Çoğunlukla İsveç ve Almanya’da yerleşen bölücü örgüt militanlarından ve sempatizanlarından İsveç’tekiler; her fırsatta ülkemize bayrağımıza ve devletimize, Cumhurbaşkanımıza çirkin saldırılarda bulunmaktadırlar. İsveç hükümetleri ülkede yerleşik bölücü terör örgüt mensuplarını Türk yargısına teslim etmekten kaçınmakta, milli ve manevi değerlerini çiğnemesine göz yummakta ve hatta teşvik etmektedir.

Önce domuz suratlı bir münkir, İsveç’e gelerek kendisi gibi İsveçli ırkçıların yardımıyla, kutsal kitabımız Kur’an-ı Kerim’i yakmıştı. Kur’an-ı Kerim'i yakan Danimarkalı ırkçı parti lideri Rasmus Paludan'ı eylemi sırasında İsveç Polisi himaye etti. Rasmus Paludan'ın İsveç hükümetinden aldığı izinle, Türkiye’nin Stockholm Büyükelçiliği önünde Kur’ân-ı Kerimi yakmasına tüm Müslümanlardan tepki yağdı. Rus devlet televizyonu moderatörü dahi yapılan bu çirkin davranışa tepki gösterdi.

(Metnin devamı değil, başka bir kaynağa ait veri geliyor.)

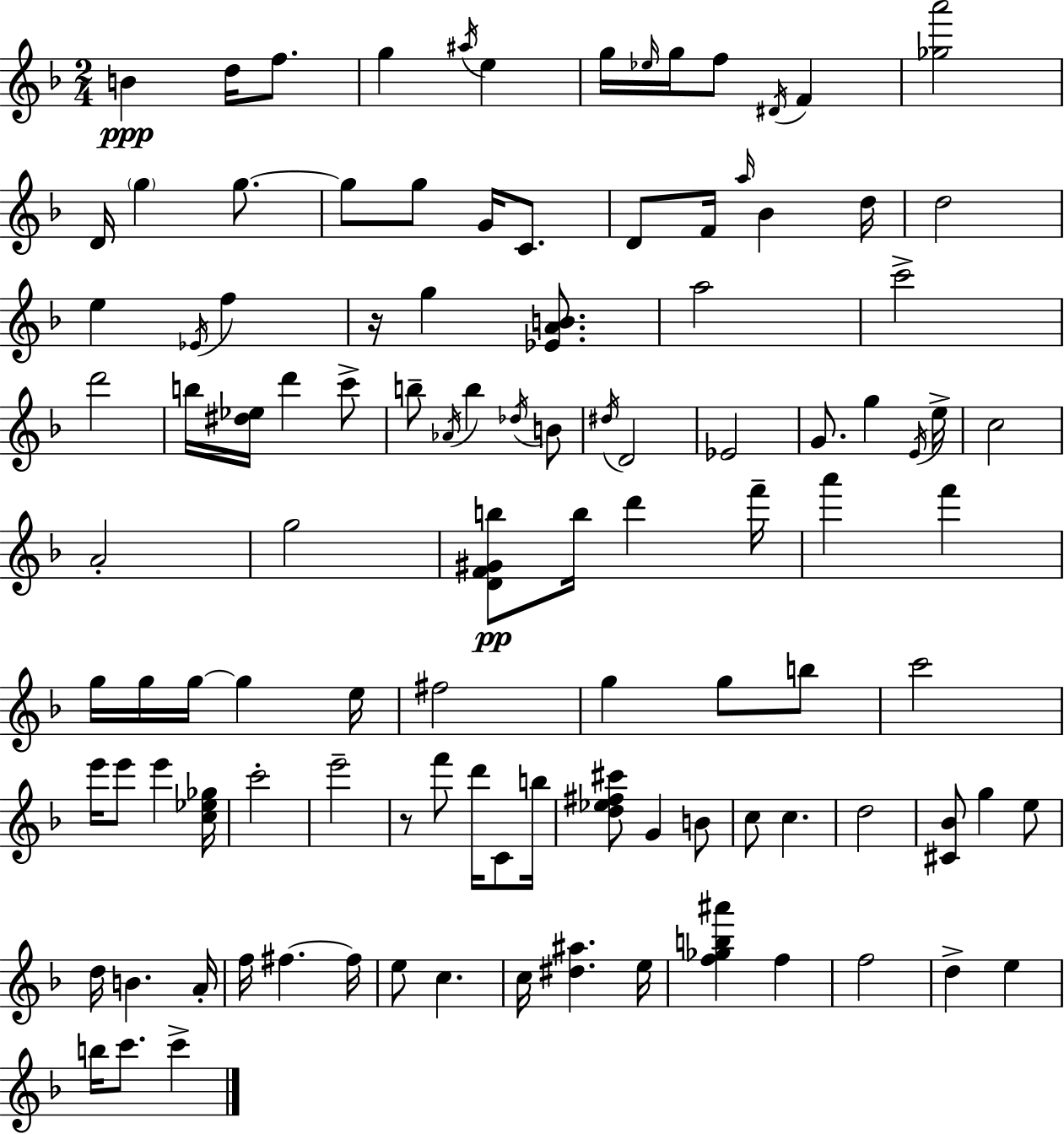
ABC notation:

Hemen arkasından Hollandalı bir diğer ırkçı İslam düşmanı manyak, Edwin Wagensveld Kur’an’ı kameralar önünde yırtarak ayaklar altına attı. Türkiye Dışişleri Bakanlığı ve Diyanet İşleri Başkanlığı, İsveç’ten sonra, Hollanda’da Kur’an-ı Kerim’e yönelik saldırgan eylemi kınadı.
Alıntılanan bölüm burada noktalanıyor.